Integrating Gender Into the Political Science Curriculum: Challenges, Pitfalls, and Opportunities

Virtual Issue: Diversity, Inclusiveness, and Inequality

The APSA Presidential Task Force Report ‘Political Science in the 21st Century report’, now just over five years old, offered a number of recommendations to the discipline including several related to political science research on diversity and racial, ethnic, and gendered marginalization. After reading APSA journals articles published in the years prior to and following the taskforce report, Dianne Pinderhughes and Maryann Kwakwa, both of the University of Notre Dame, argue that, while there have been important steps toward increasing multicultural diversity in political science research and teaching, the barriers that contributed to its marginalization in the past continue to exist. The following article is included in the virtual review issue.

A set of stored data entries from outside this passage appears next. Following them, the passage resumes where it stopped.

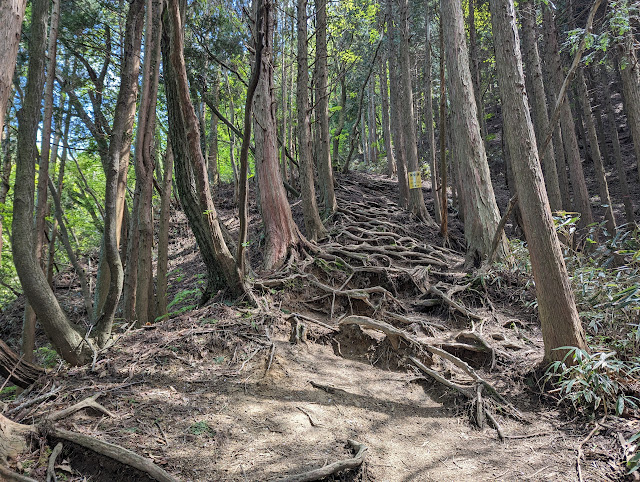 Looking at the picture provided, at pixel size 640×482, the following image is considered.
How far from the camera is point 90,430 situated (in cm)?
283

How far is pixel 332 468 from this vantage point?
2742 mm

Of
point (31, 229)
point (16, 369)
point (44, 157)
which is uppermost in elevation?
point (44, 157)

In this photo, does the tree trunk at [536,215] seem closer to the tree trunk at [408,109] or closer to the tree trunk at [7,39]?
the tree trunk at [7,39]

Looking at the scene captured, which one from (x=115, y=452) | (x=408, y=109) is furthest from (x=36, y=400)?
(x=408, y=109)

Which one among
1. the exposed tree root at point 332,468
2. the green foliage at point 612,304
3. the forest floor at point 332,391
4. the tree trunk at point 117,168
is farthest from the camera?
the green foliage at point 612,304

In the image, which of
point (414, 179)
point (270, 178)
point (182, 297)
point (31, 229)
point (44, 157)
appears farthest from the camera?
point (414, 179)

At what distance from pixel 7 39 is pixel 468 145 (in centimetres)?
788

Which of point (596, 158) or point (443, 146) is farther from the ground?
point (443, 146)

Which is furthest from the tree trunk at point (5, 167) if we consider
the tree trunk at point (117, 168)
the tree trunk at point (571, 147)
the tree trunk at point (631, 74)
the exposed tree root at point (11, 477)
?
the tree trunk at point (571, 147)

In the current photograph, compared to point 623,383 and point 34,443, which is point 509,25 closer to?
point 623,383

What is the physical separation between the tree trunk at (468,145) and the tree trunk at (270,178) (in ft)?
12.1

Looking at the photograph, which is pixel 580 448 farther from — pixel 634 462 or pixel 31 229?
pixel 31 229

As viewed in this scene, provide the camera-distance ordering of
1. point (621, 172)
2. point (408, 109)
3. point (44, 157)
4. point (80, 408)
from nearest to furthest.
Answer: point (80, 408)
point (44, 157)
point (408, 109)
point (621, 172)

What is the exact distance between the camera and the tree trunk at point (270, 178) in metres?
6.96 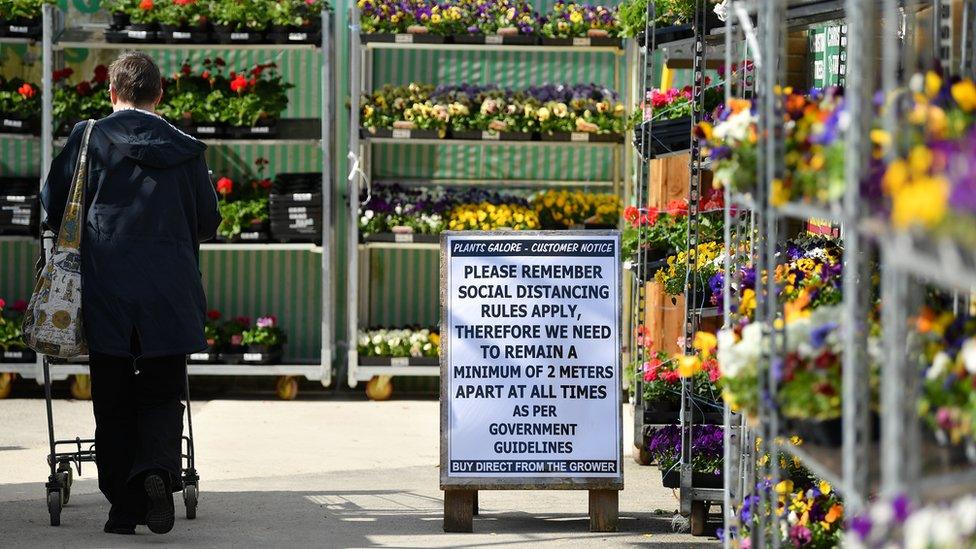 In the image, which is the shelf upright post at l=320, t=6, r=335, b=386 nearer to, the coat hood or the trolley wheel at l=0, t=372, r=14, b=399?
the trolley wheel at l=0, t=372, r=14, b=399

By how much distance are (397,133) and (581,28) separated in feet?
4.79

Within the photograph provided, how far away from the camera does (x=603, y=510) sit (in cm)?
621

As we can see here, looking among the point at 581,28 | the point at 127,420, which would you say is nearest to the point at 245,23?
the point at 581,28

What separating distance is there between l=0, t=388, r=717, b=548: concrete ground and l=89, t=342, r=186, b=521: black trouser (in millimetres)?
187

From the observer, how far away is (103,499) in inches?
267

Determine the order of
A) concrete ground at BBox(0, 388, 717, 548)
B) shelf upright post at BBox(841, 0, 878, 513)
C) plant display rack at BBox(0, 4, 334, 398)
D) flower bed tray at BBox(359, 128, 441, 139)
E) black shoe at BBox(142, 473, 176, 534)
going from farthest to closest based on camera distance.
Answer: flower bed tray at BBox(359, 128, 441, 139), plant display rack at BBox(0, 4, 334, 398), concrete ground at BBox(0, 388, 717, 548), black shoe at BBox(142, 473, 176, 534), shelf upright post at BBox(841, 0, 878, 513)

Integrating Gender Into the Political Science Curriculum: Challenges, Pitfalls, and Opportunities

by Christine Di Stefano, University of Washington

The relationship between gender and politics is both obvious and elusive. The term “gender” refers to socially constructed and politically enforced notions of what it means to be male or female. Gendered notions acquire their plausibility and force by claiming to represent a prepolitical universe of gendered meanings and social arrangements. This mythical universe serves, in turn, to legitimize gender norms. Gender is most obviously political in the sense  that it shapes the opportunities and liabilities of gender-coded subjects. But it is also political because it has the power to impose meaning and value upon our activities and social relationships and to deflect attention from the politics of meaning. The elusiveness of the politics-gender connection derives from its very success as a political formation. To the extent that gender is assumed to be an emanation of “nature rather than an artifact of “culture,” its politicalness is rendered invisible.